Please place the errors of my ways in the comments! This was a practice story any way though, so.... Yeah.
I love and hate this story because of what it make me feel
Having thinking about suicide not long ago,this story make me remember some of the shit i've been through
Im glad I've move on.
good story though
6261684 Thanks, and sorry for the memory.
This was a pretty decent fic, a lot of grammatical errors but I don't care about that, the message was good, the idea was good, the delivery could of been better, and the pacing was a little rushed and a little "I'm so sad because I'm sad and the reason I'm sad is because I'm sad" but this was still as I said a decent fic, certainly doesn't deserve all the dislikes, especially because no one commented on why they disliked it, they just disliked it, so all and all, not bad but not fantastic, looking forward to how you improve in the future
6262521 Thank you!~
Yeah i`ve been writing all kinds of really short fics just to practice~ And thanks, that means a lot to me, too!~
Any grammatical errors I have in here, please tell me in the comments so I can make this a decent story!
Nicely done
Very nice, got me right in the feels.
6265532 Thank you~
6265333 THANK you so much!~
"Don`t worry. Just rest now.
Rest, Twilight." No! no! No! Just No!!!!!!
6269860 Yep.
I am very depressed right now
6270024 your welcome~
*Sigh* I gotta do it.
Trollin Trollin, Trollin Like Ah Boss~
Trollin Trollin, Trollin Like Ah Boss~
Yes You Are, Trollin Like Ah Boss~~
Have a nice eternity, ya Troll (I'll probably be joinin ya )
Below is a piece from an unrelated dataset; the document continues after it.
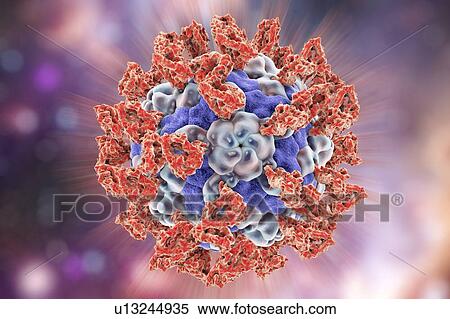 Parechovirus with integrin, illustration View Large Photo Image Stock Photography - Parechovirus with integrin, illustration. Fotosearch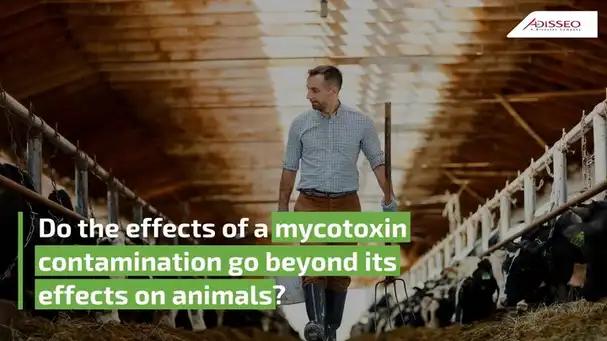 Do the effects of a mycotoxin contamination go beyond its effects on animals?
6274449 trollin like a boss~
6274935 shouldn't this have a slice of life tag? This is a thing (ignoring the immortality)
6275283 oh yeah.... I`ll do that
6275643 trust me your not the only one, i think this thing I'm writing might need a slice of life tag, but then again it's gonna be really out there so I'm not sure.
6275659 what`s it called? I might be able to tell you, but then again, I messed up on my story tags~
6275865 "A Psycho's Splash", has nothing to do with splashing or killing though so good luck guessing by name, cause i haven't even posted anything yet
6277258 ... Um, your right about that.
I can only try when it`s done, and then get it wrong while at it. I suppose Foxy here can`t help either.
6277903 vampony mare x straight mare ship fic.
(Straight as in sexuality)
6277962 yeah, I`m pretty sure that`d be slice of life, if not, it`s not like many ponies would really care. But i`m pretty sure a ship fic, depending on the drama of it, would be slice of life.
But i`d ask someone whom truly knows, for example the psychopath. he would probably know, maybe even with out reading the story!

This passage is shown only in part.